» Supplied material:
******************************

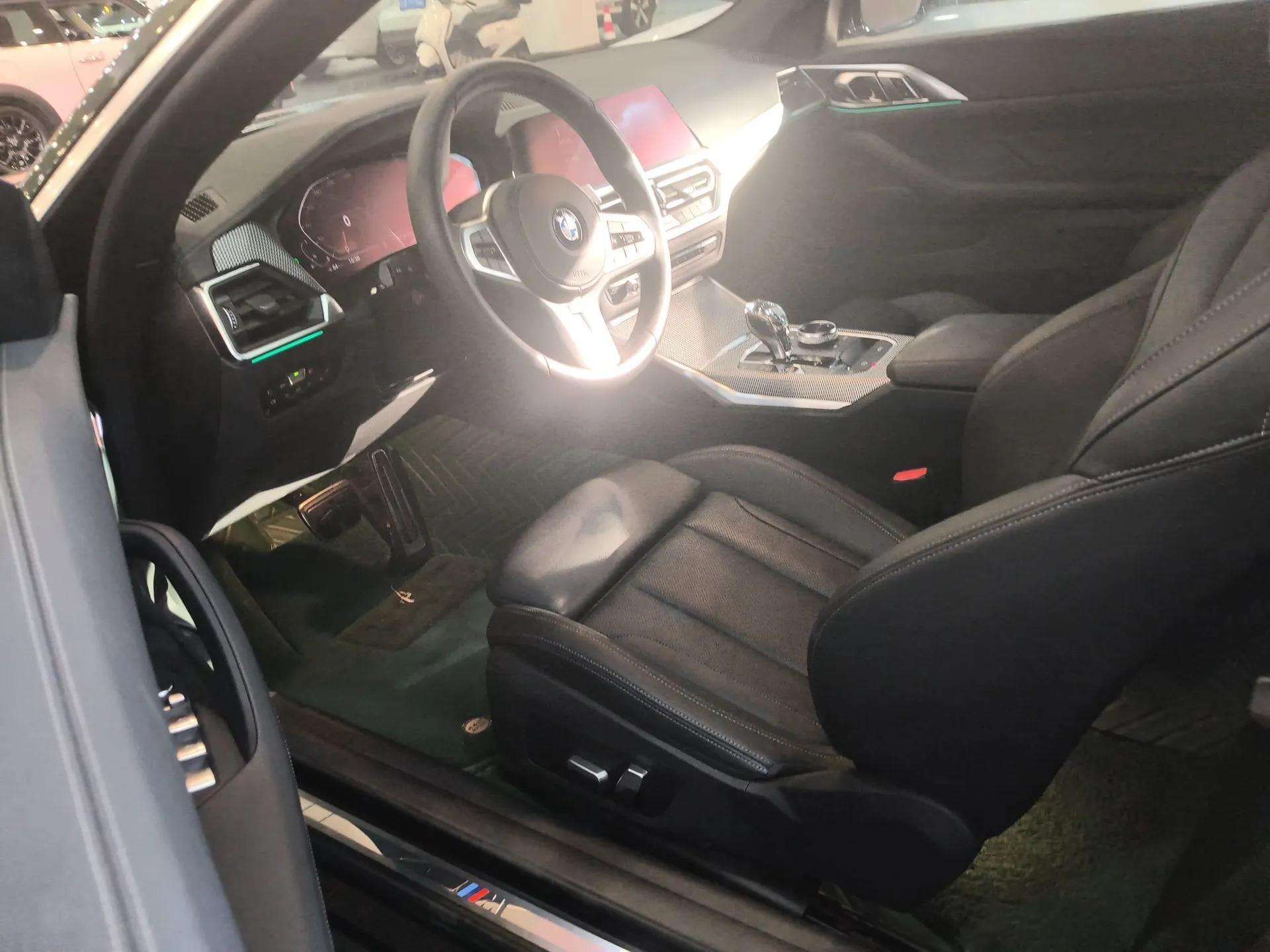 BMW 4 Series 2022 425i Convertible M Sport Package — миниатюра 18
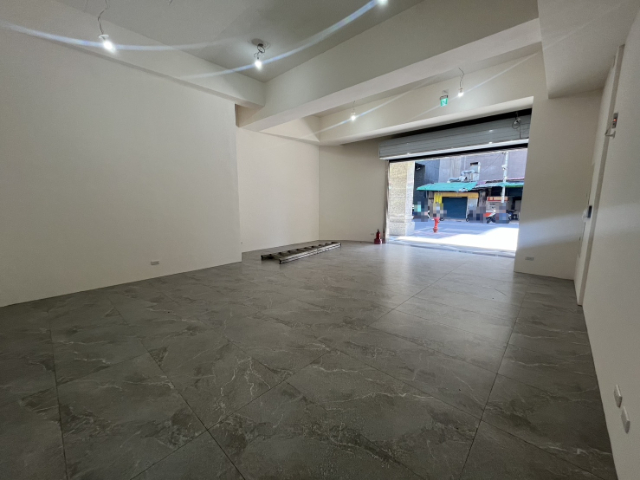 泰山買房賣屋明志精華1+2金店面,新北市泰山區明志路三段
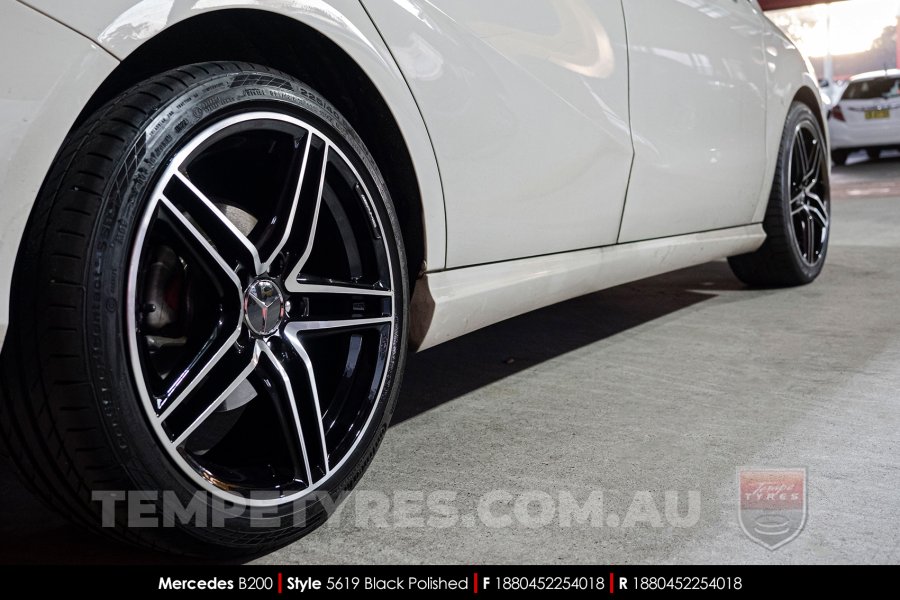 18x8.0 5619 Black Polished on Mercedes B-Class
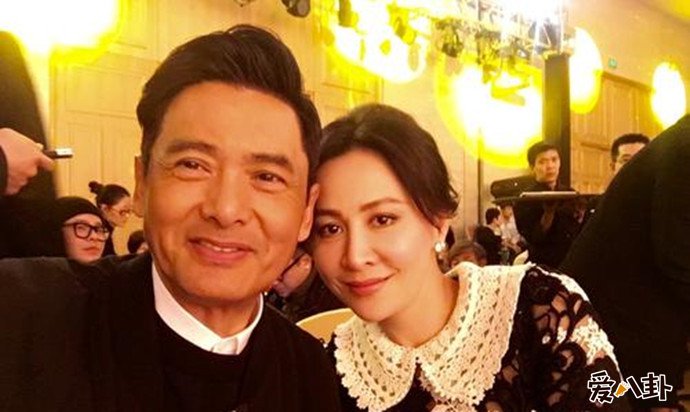 周润发与妻子刘嘉玲亲密合照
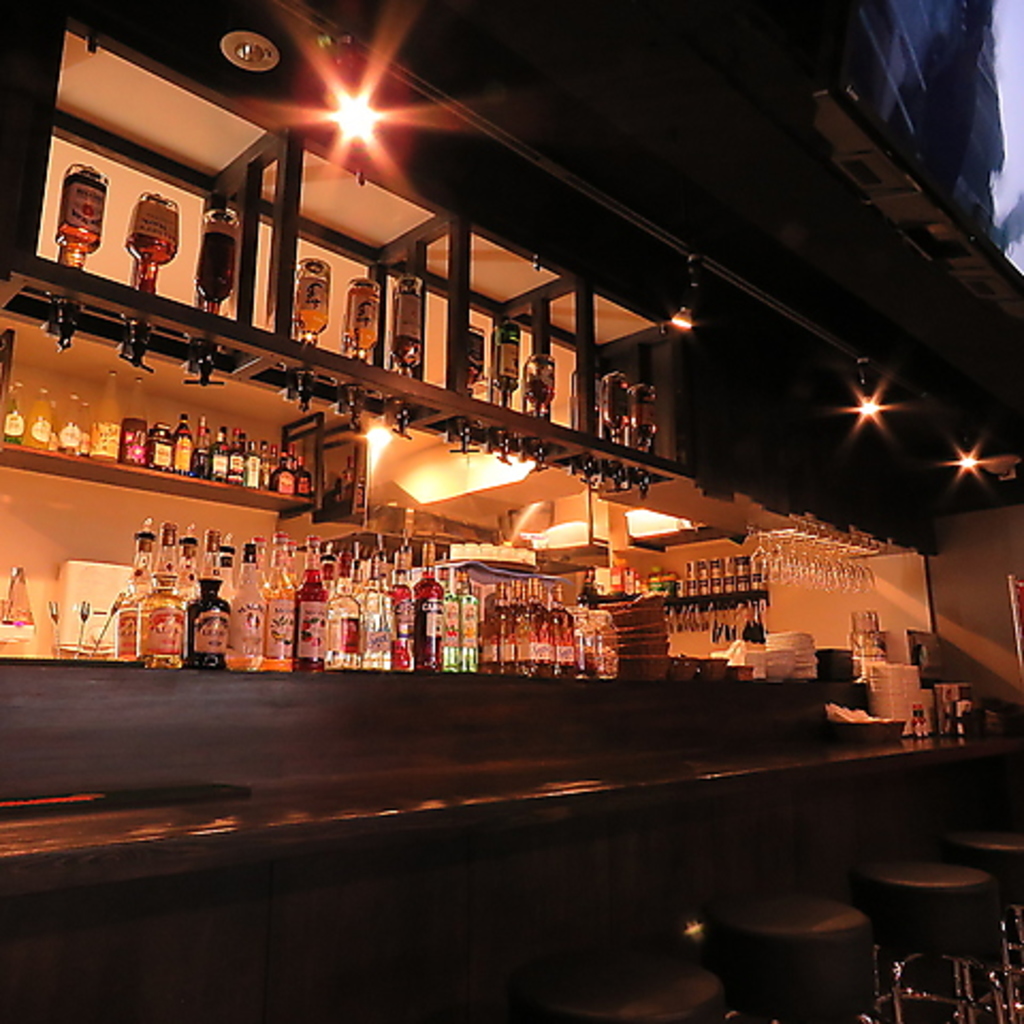 ダーツだけじゃなく、雰囲気のあるカウンターでお酒を飲みながら会話も弾みます♪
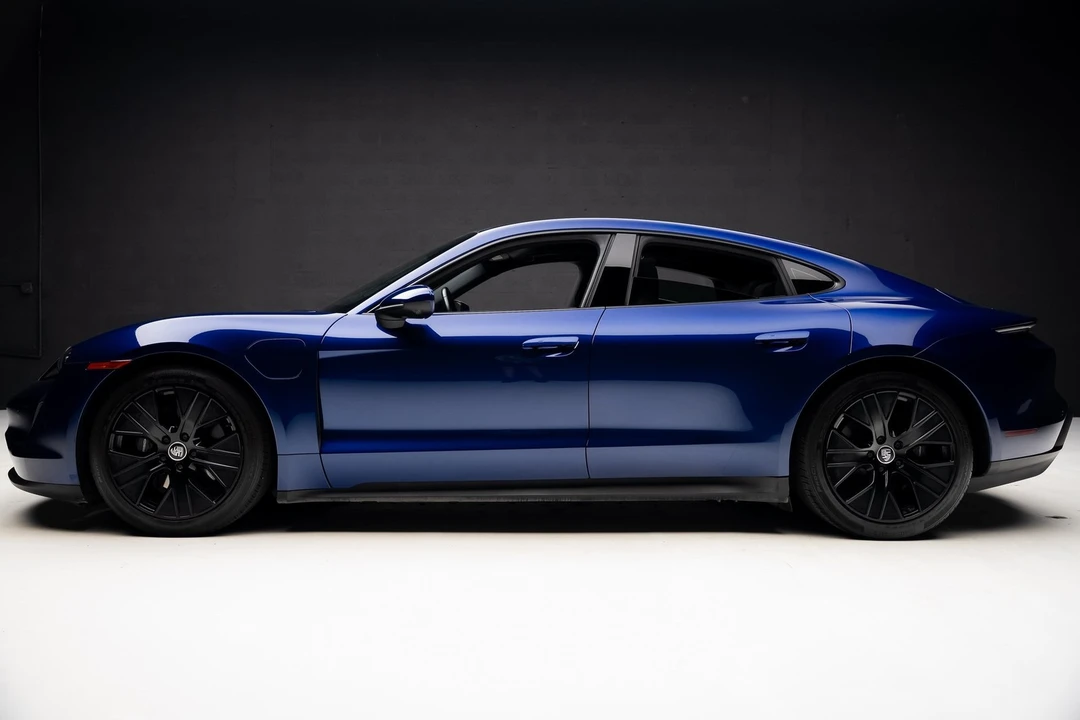 2021 Porsche Taycan - Image 17 of 21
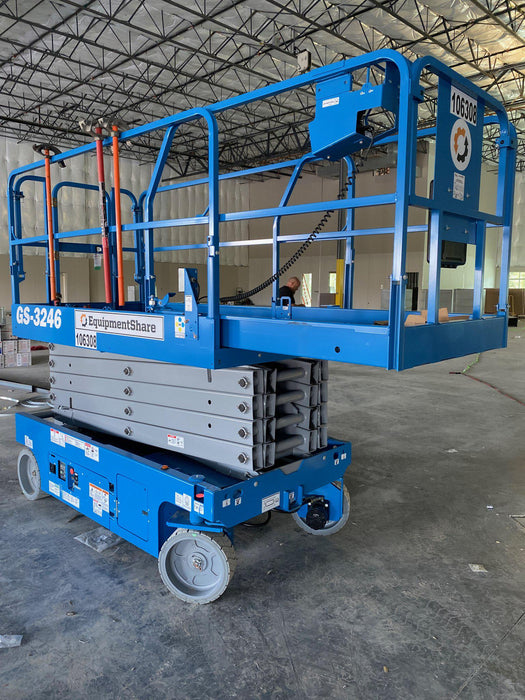 2020 Genie GS-3246 Standard, Folding full height swing gate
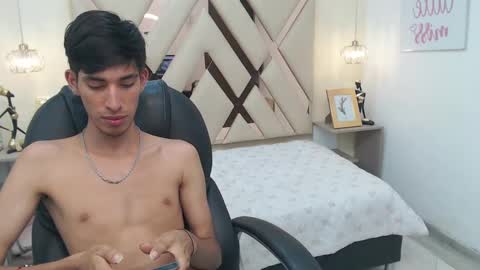 Snapshot of ferphoenix_ chatting on February 2025 10:22:01 AM FER PHOENIX online show from February 2025 10:22:01 AM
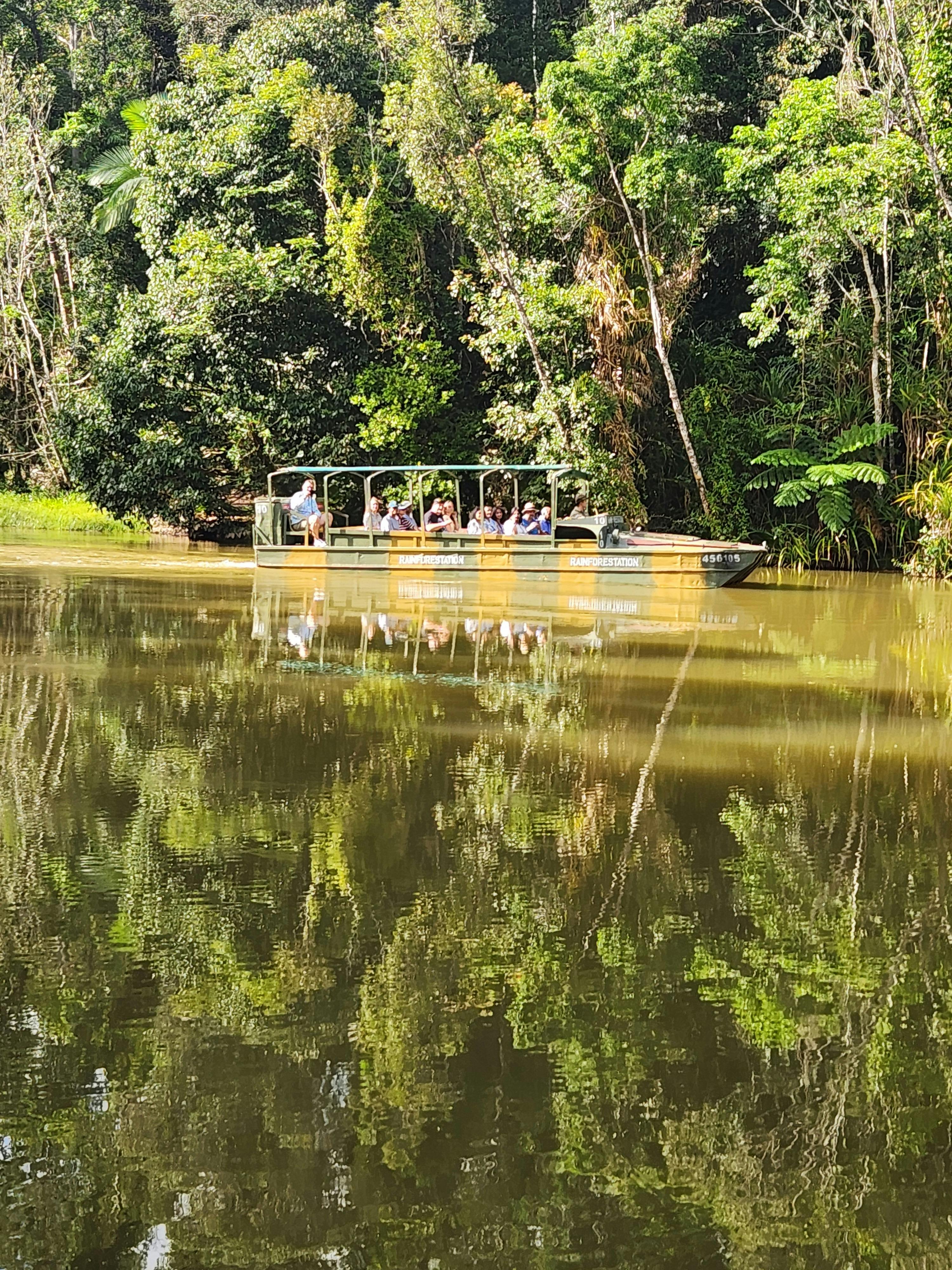 15 Day Queensland Outback Exploration in Air-Conditioned Bus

******************************

» Exercise goal: The answer is the run of lines from the one with "Snapshot of ferphoenix_" through the final line of the data, copied exactly, and nothing else; no pictures.

» Problem solution:
 Snapshot of ferphoenix_ chatting on February 2025 10:22:01 AM FER PHOENIX online show from February 2025 10:22:01 AM
 15 Day Queensland Outback Exploration in Air-Conditioned Bus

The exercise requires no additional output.